Wenn wir uns mit den Branchen und mit den Firmen unterhalten, werden immer wieder die mangelnden Tiefbaukapazitäten als der Faktor, der den Ausbau verzögert, genannt. Das ist der Flaschenhals beim Ausbau; das verzögert jetzt insbesondere den Ausbau in der Fläche und unterläuft die Ziele der Gigabitstrategie der Bundesregierung. Denn unser Ziel ist es ja gerade, die weißen Flecken, also die Gegenden, in den noch kein schnelles Internet verfügbar ist, schnell auszubauen, um einheitliche Standards im ganzen Land herzustellen.

(Beifall beim BÜNDNIS 90/DIE GRÜNEN sowie der Abg. Dr. Karamba Diaby [SPD] und Maximilian Funke-Kaiser [FDP])

Was passiert stattdessen? Gerade in den Städten werden die Straßen ein weiteres Mal aufgerissen – zum Ärger der Anwohner/-innen; denn einen zusätzlichen Nutzen haben sie durch die neuen Glasfaserleitungen nicht.

Doch damit nicht genug: In dem Maße, wie sich Berichte bezüglich Überbau häufen, hat das potenziell Auswirkungen auf die Investitionsbereitschaft der vor allem kleineren und regionalen Wettbewerber. Überbau gefährdet die Umsätze, und im Worst-Case-Szenario führt das dazu, dass manche Projekte zu risikoreich erscheinen und vielleicht ganz aufgegeben werden. Das ist ein Riesenproblem, und deswegen müssen wir dagegen vorgehen.

(Beifall beim BÜNDNIS 90/DIE GRÜNEN sowie bei Abgeordneten der SPD und des Abg. Maximilian Funke-Kaiser [FDP])
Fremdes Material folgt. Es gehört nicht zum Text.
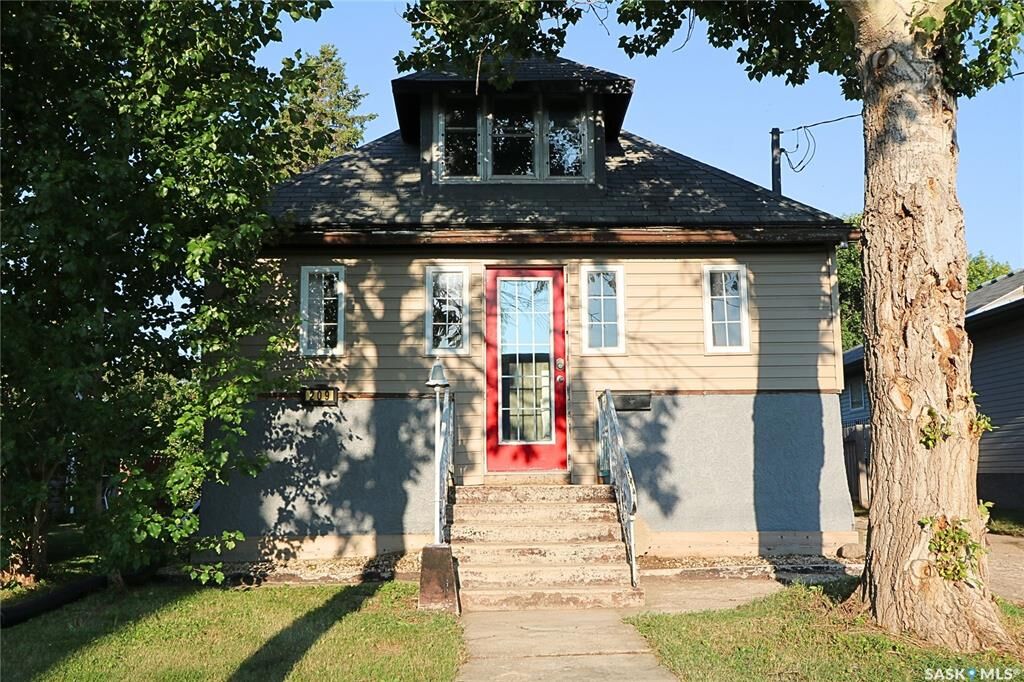 Property Photo: 209 Myrtle Avenue SK S3N 1R3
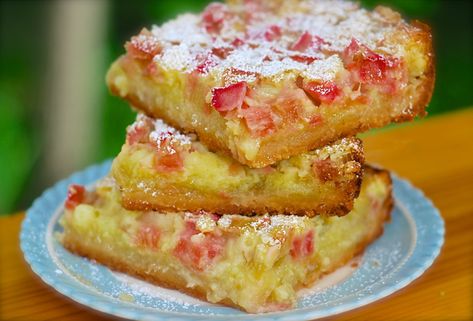 amish rhubarb dream bars - ChinDeep Dream Bars Recipe, Rhubarb Dream Bars, Rhubarb Bars, Rhubarb Desserts, Dream Bars, Lemon Bars Recipe, Rhubarb Recipes, Amish Recipes, Bars Recipe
Wie können wir das machen? Was müssen wir tun? Die Union hat ja richtigerweise erst mal festgestellt, dass Überbau an sich nicht richtig und nicht hinreichend genau definiert ist. Es wäre ja gar kein Problem, wenn sich hier und da mal einzelne Ausbaugebiete leicht am Rand überlappen; das lässt sich netztopologisch auch gar nicht immer vermeiden. Aber das Problem entsteht eben, wenn es sich häuft, über die Einzelfallberichte hinaus, wie etwa in Köln. Dort hat die Telekom angekündigt, 100 000 Haushalte anzuschließen, in deren Häusern bereits Glasfaser liegt.

Der Branchenverband BUGLAS führt aktuell eine Erhebung durch. Es gibt erst mal nur Zwischenergebnisse; aber danach gibt es Berichte über Überbauaktivitäten aus 30 Prozent der Postleitregionen im abgefragten Bereich.

(Tabea Rößner [BÜNDNIS 90/DIE GRÜNEN]: Das ist verdammt hoch!)

Aber klar ist: Wir brauchen hier verlässliche und genauere Informationen. Daran arbeitet ja das BMDV auch bereits.

(Beifall beim BÜNDNIS 90/DIE GRÜNEN sowie der Abg. Johannes Schätzl [SPD] und Maximilian Funke-Kaiser [FDP])

Da uns diese Informationen aber fehlen, wechsele ich jetzt hier mal in den Konjunktiv. Im Falle signifikanter Überbauaktivtäten müssen wir alle möglichen Optionen in Betracht ziehen. Ich begrüße es daher auch ausdrücklich, dass der Vizepräsident der Bundesnetzagentur sich zu dem Thema sehr klar geäußert hat – nämlich in dem Sinne, dass gegebenenfalls Bundesnetzagentur und Kartellamt hier tätig werden – mit dem Zitat: Die Agentur hat Zähne. – Danke, Herr Eschweiler, für diese klaren Worte.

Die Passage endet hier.